### Dataset content
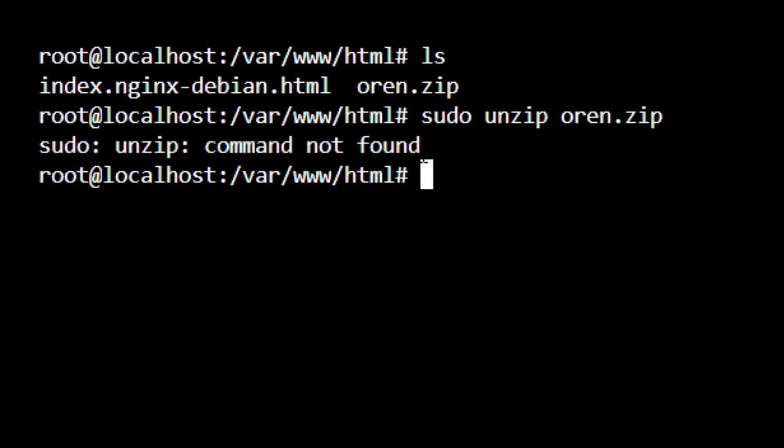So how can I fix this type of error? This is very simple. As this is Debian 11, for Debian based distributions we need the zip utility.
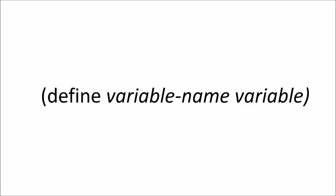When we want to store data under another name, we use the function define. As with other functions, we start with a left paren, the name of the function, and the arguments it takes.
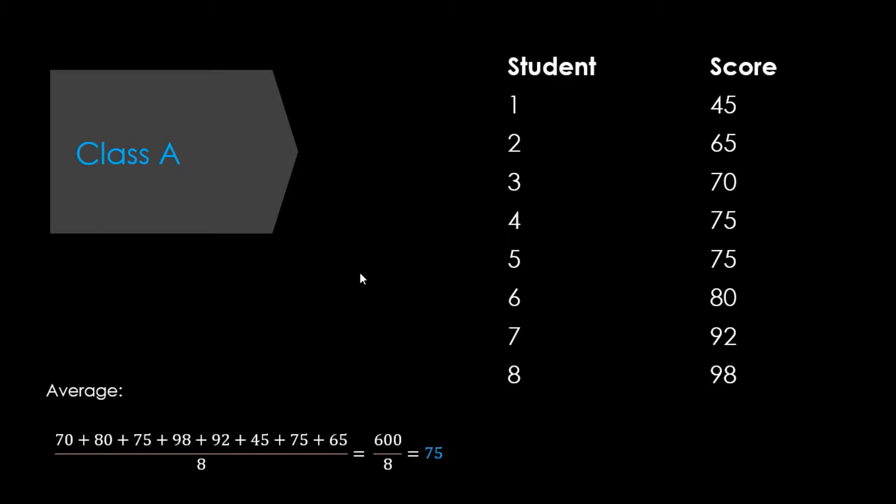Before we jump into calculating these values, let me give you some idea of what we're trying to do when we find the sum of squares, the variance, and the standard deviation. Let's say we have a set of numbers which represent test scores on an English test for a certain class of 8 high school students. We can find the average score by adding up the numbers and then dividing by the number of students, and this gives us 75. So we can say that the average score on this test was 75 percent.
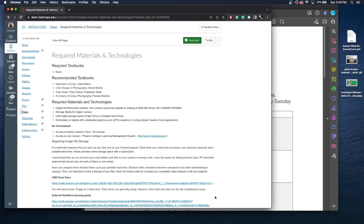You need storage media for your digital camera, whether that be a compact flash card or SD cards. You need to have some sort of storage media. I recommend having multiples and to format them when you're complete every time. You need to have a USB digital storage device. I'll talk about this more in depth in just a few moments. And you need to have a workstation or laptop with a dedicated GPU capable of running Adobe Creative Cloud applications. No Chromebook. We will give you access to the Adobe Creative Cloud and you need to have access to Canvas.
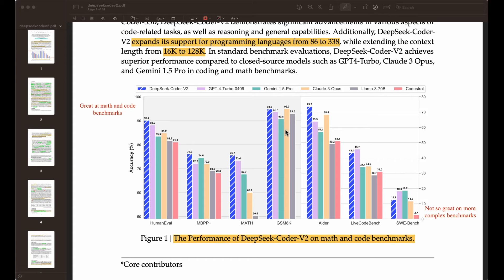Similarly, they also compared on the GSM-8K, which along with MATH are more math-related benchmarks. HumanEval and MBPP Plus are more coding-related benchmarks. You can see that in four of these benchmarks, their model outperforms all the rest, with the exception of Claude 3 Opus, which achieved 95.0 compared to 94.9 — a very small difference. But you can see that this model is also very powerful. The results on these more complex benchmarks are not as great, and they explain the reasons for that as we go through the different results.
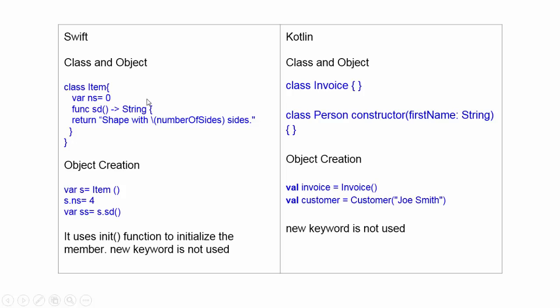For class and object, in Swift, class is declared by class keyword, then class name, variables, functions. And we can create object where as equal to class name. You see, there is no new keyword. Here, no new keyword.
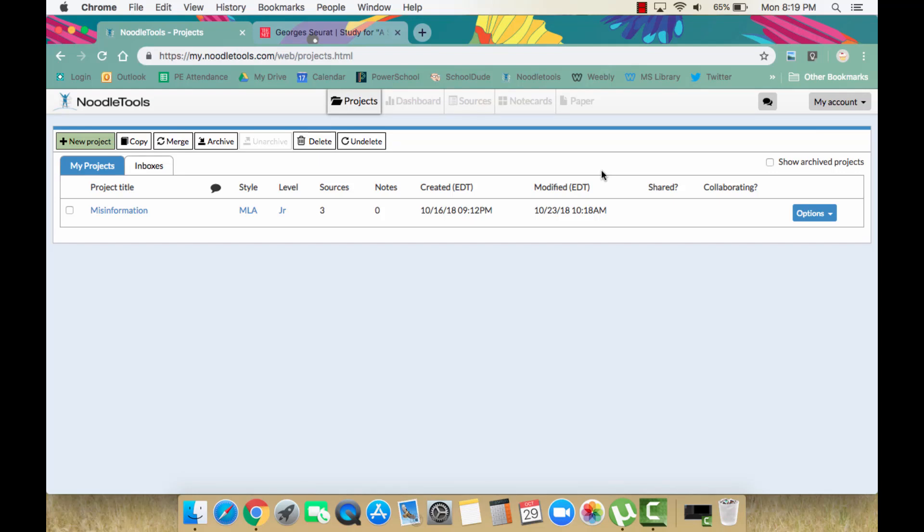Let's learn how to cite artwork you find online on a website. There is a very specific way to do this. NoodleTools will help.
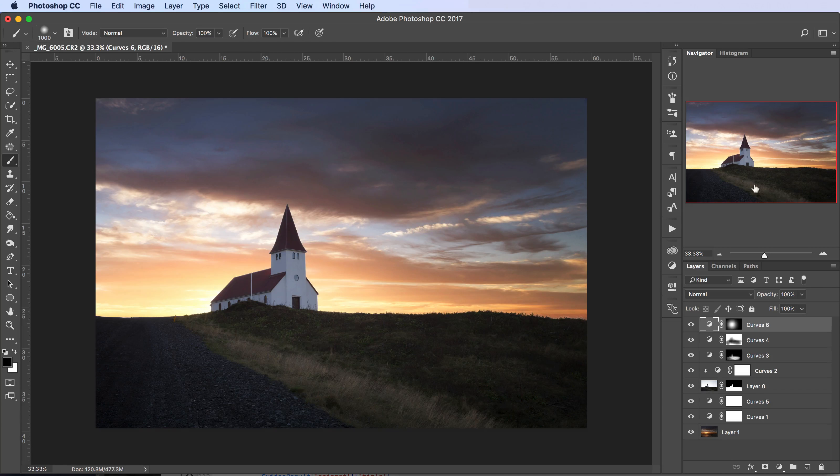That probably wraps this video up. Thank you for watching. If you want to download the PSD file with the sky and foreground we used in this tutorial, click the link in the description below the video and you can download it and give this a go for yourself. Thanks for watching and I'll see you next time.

### Task brief
Return the records above in their entirety, word for word, with the pictures removed.

### Solution to the exercise
So how can I fix this type of error? This is very simple. As this is Debian 11, for Debian based distributions we need the zip utility.
When we want to store data under another name, we use the function define. As with other functions, we start with a left paren, the name of the function, and the arguments it takes.
Before we jump into calculating these values, let me give you some idea of what we're trying to do when we find the sum of squares, the variance, and the standard deviation. Let's say we have a set of numbers which represent test scores on an English test for a certain class of 8 high school students. We can find the average score by adding up the numbers and then dividing by the number of students, and this gives us 75. So we can say that the average score on this test was 75 percent.
You need storage media for your digital camera, whether that be a compact flash card or SD cards. You need to have some sort of storage media. I recommend having multiples and to format them when you're complete every time. You need to have a USB digital storage device. I'll talk about this more in depth in just a few moments. And you need to have a workstation or laptop with a dedicated GPU capable of running Adobe Creative Cloud applications. No Chromebook. We will give you access to the Adobe Creative Cloud and you need to have access to Canvas.
Similarly, they also compared on the GSM-8K, which along with MATH are more math-related benchmarks. HumanEval and MBPP Plus are more coding-related benchmarks. You can see that in four of these benchmarks, their model outperforms all the rest, with the exception of Claude 3 Opus, which achieved 95.0 compared to 94.9 — a very small difference. But you can see that this model is also very powerful. The results on these more complex benchmarks are not as great, and they explain the reasons for that as we go through the different results.
For class and object, in Swift, class is declared by class keyword, then class name, variables, functions. And we can create object where as equal to class name. You see, there is no new keyword. Here, no new keyword.
Let's learn how to cite artwork you find online on a website. There is a very specific way to do this. NoodleTools will help.
That probably wraps this video up. Thank you for watching. If you want to download the PSD file with the sky and foreground we used in this tutorial, click the link in the description below the video and you can download it and give this a go for yourself. Thanks for watching and I'll see you next time.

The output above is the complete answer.